Task goal: Repeat the data exactly. Pictures stay out.

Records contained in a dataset
%%
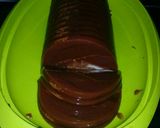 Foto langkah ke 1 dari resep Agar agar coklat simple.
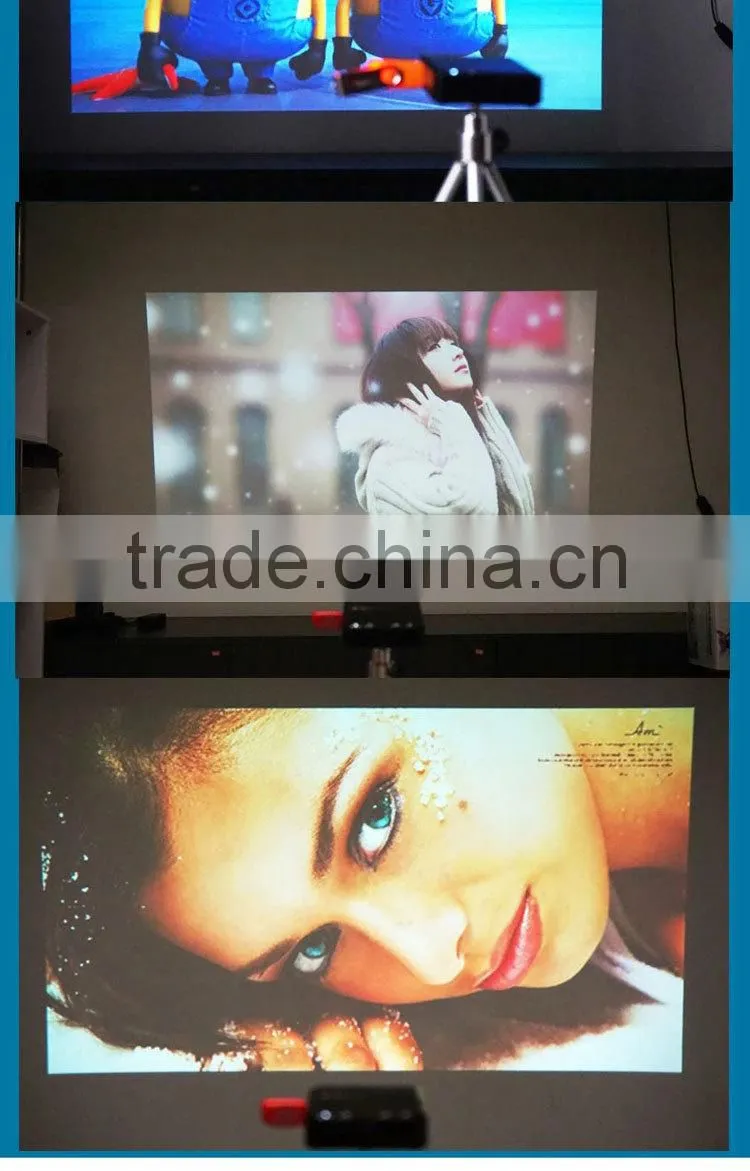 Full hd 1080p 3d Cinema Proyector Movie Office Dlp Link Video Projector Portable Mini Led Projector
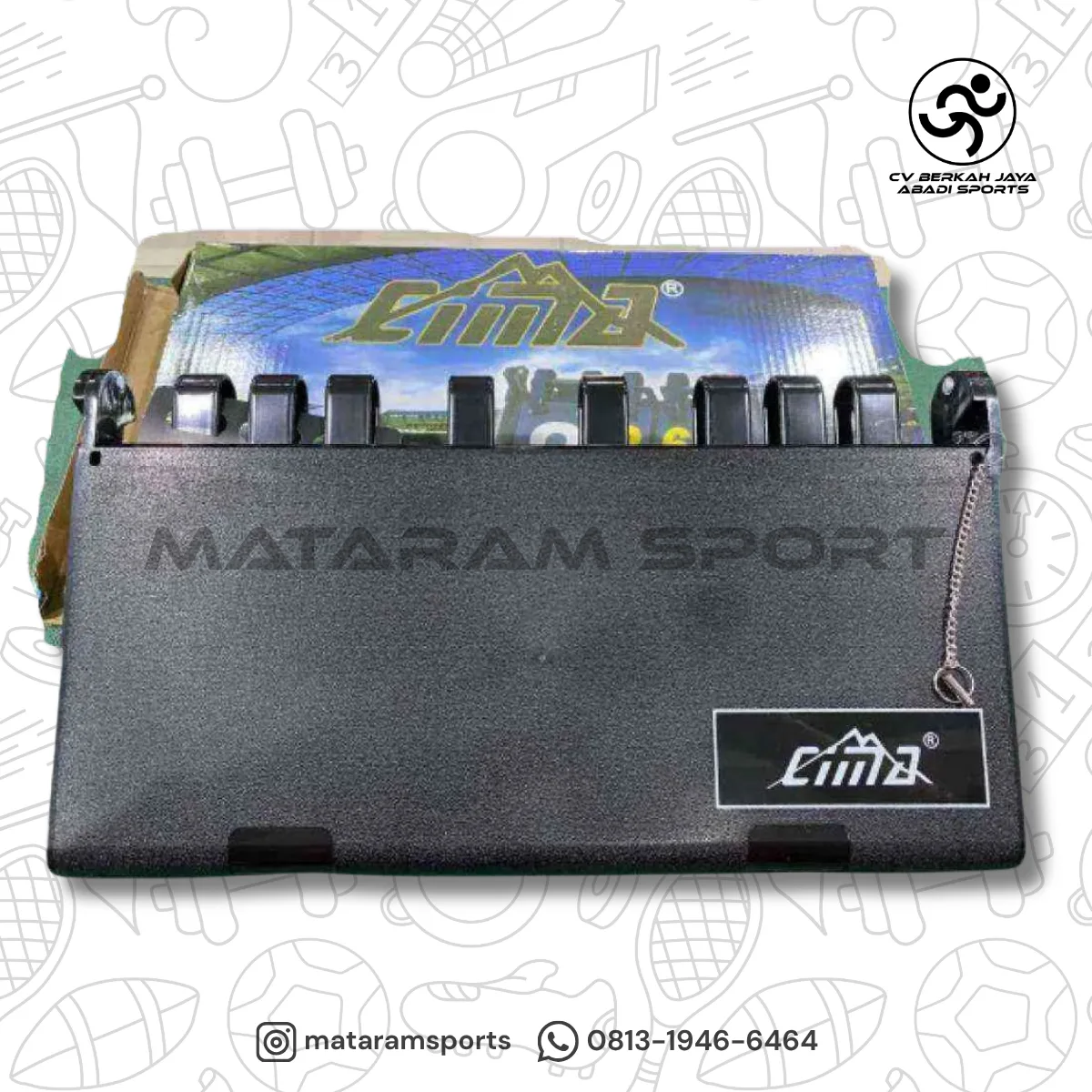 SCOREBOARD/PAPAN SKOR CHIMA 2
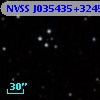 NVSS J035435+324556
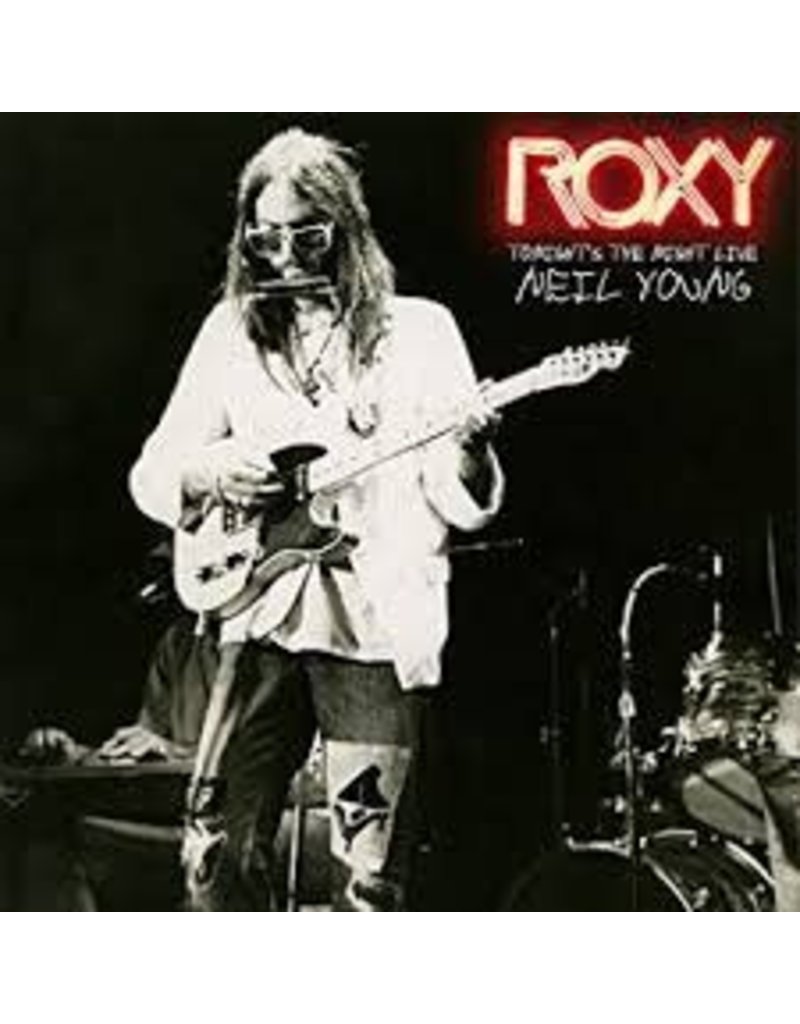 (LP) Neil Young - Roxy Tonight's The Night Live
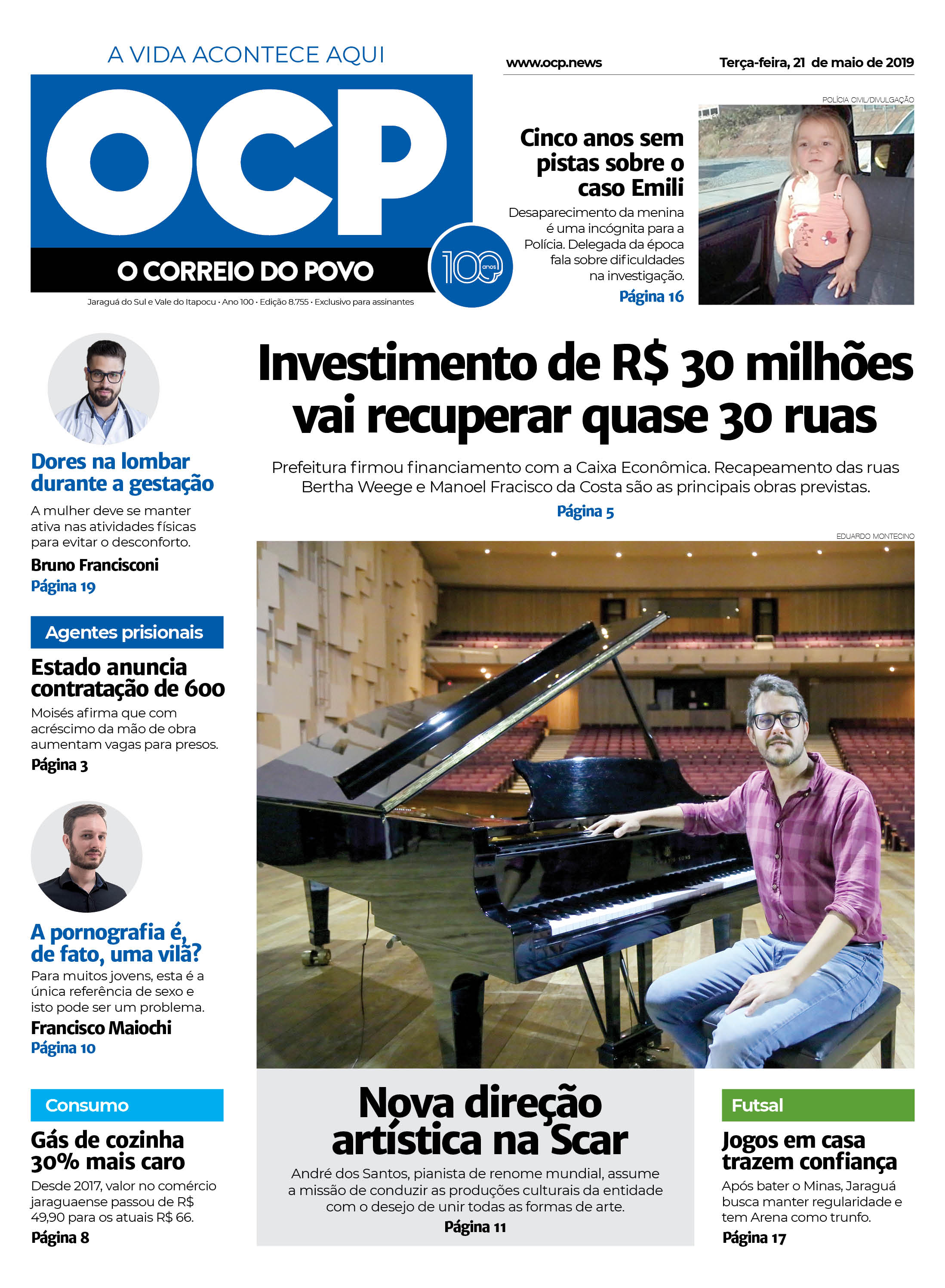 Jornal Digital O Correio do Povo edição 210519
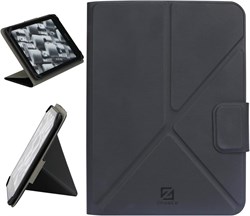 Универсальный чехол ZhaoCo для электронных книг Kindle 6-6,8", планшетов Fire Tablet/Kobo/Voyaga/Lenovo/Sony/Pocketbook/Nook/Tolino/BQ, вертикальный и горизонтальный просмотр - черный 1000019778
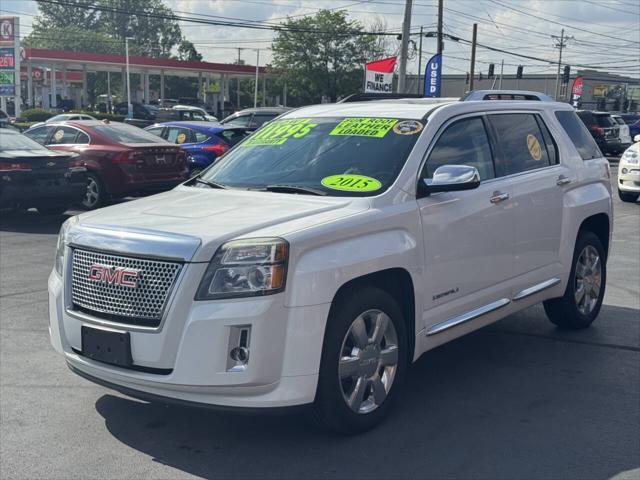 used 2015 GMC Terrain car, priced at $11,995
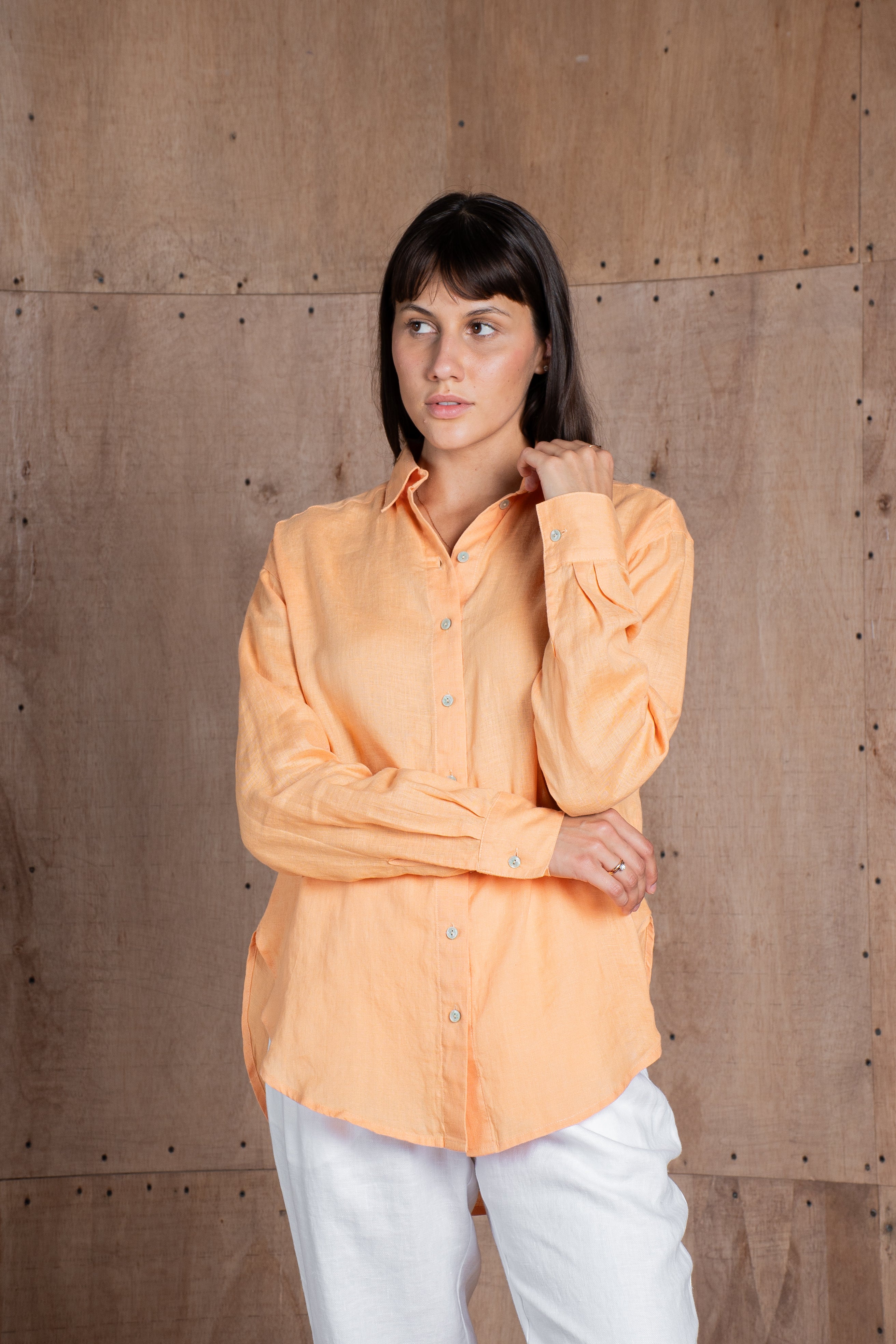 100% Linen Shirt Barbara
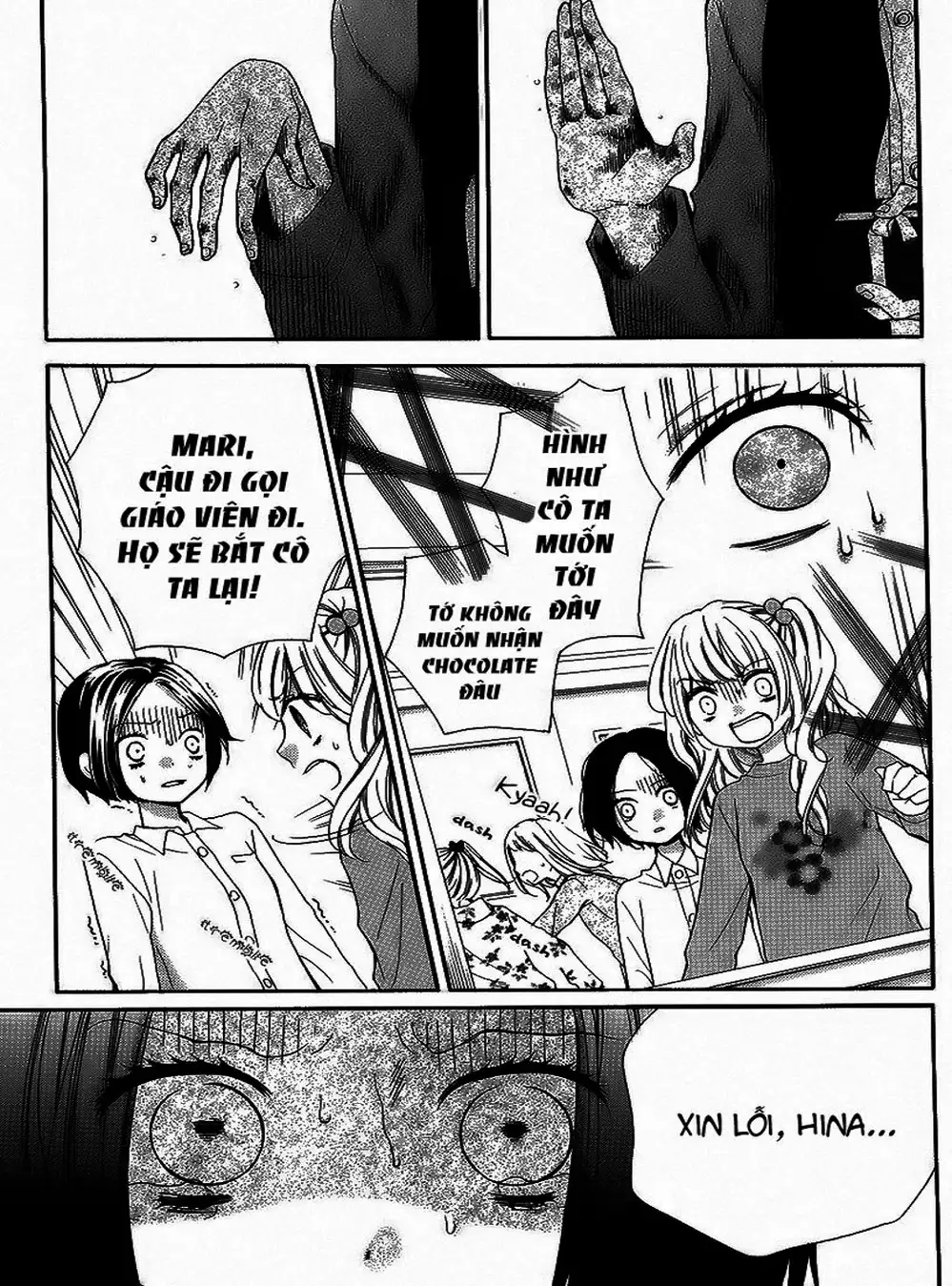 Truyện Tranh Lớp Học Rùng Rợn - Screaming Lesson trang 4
%%
Written response:
 Foto langkah ke 1 dari resep Agar agar coklat simple.
 Full hd 1080p 3d Cinema Proyector Movie Office Dlp Link Video Projector Portable Mini Led Projector
 SCOREBOARD/PAPAN SKOR CHIMA 2
 NVSS J035435+324556
 (LP) Neil Young - Roxy Tonight's The Night Live
 Jornal Digital O Correio do Povo edição 210519
 Универсальный чехол ZhaoCo для электронных книг Kindle 6-6,8", планшетов Fire Tablet/Kobo/Voyaga/Lenovo/Sony/Pocketbook/Nook/Tolino/BQ, вертикальный и горизонтальный просмотр - черный 1000019778
 used 2015 GMC Terrain car, priced at $11,995
 100% Linen Shirt Barbara
 Truyện Tranh Lớp Học Rùng Rợn - Screaming Lesson trang 4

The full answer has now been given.